Однако, если бы и не было этих доказательств, мы все же можем не сомневаться в автобиографичности «Романа русского помещика» и «Утра помещика» по самому их содержанию и характеру. Произведения эти обнаруживают такое знание крестьянского быта, крестьянских работ и крестьянской психологии, что не остается никакого сомнения в том, что они могли быть написаны только человеком, ближайшим образом соприкасавшимся с крестьянской жизнью. С другой стороны, ответы крестьян на попытки помещика улучшить их жизнь так правдоподобны и так характерны, что и с этой стороны не возникает сомнения в том, что здесь описаны действительные факты. Признак этот тем более существенен, что первые две основные редакции рассказа «Утро помещика», озаглавленные «Роман русского помещика», были написаны Толстым в 1852—1854 годах на Кавказе, следовательно, — исключительно по воспоминаниям, когда он своими глазами не мог наблюдать жизнь крестьян тульской деревни.
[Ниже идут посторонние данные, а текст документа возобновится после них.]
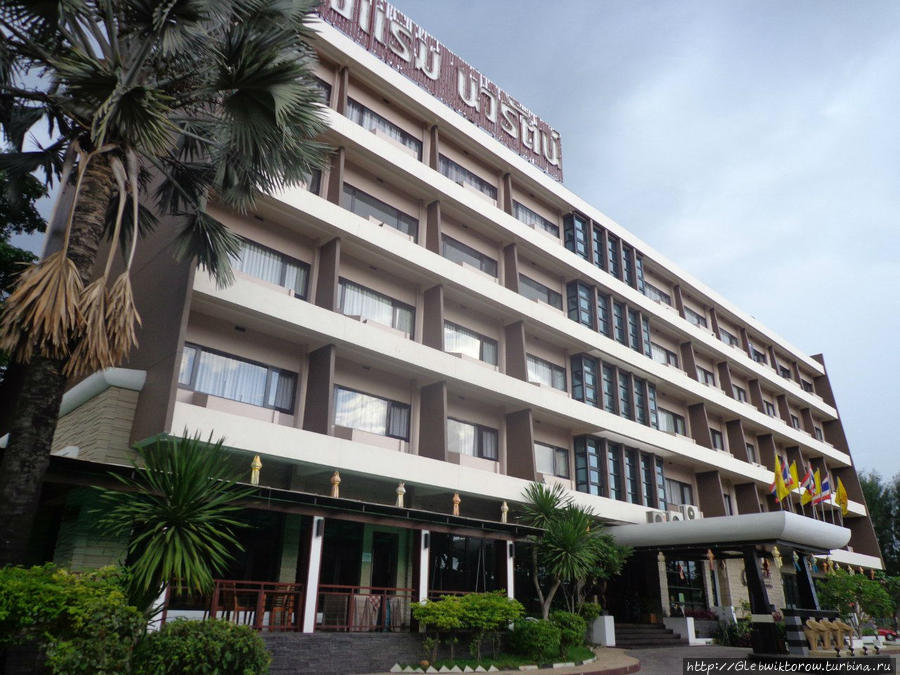 Nawarat hotel Камфаенг-Пхет, Таиланд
Можно думать, что замыслом Толстого в «Романе русского помещика» было рассказать историю отношений с крестьянами не только своих, но и своего брата Дмитрия. Недаром герой повести, в первой редакции названный Николенькой, во второй получает имя Дмитрия, наделен высоким ростом и худощавостью и назван третьим сыном умершего князя. Вполне возможно, что и в некоторых эпизодах рассказа описываются происшествия, бывшие с Дмитрием Толстым; тем не менее можно не сомневаться в том, что все основное в изображении попытки сближения с крестьянами и благотворительной деятельности в их пользу взято автором из его собственной жизни.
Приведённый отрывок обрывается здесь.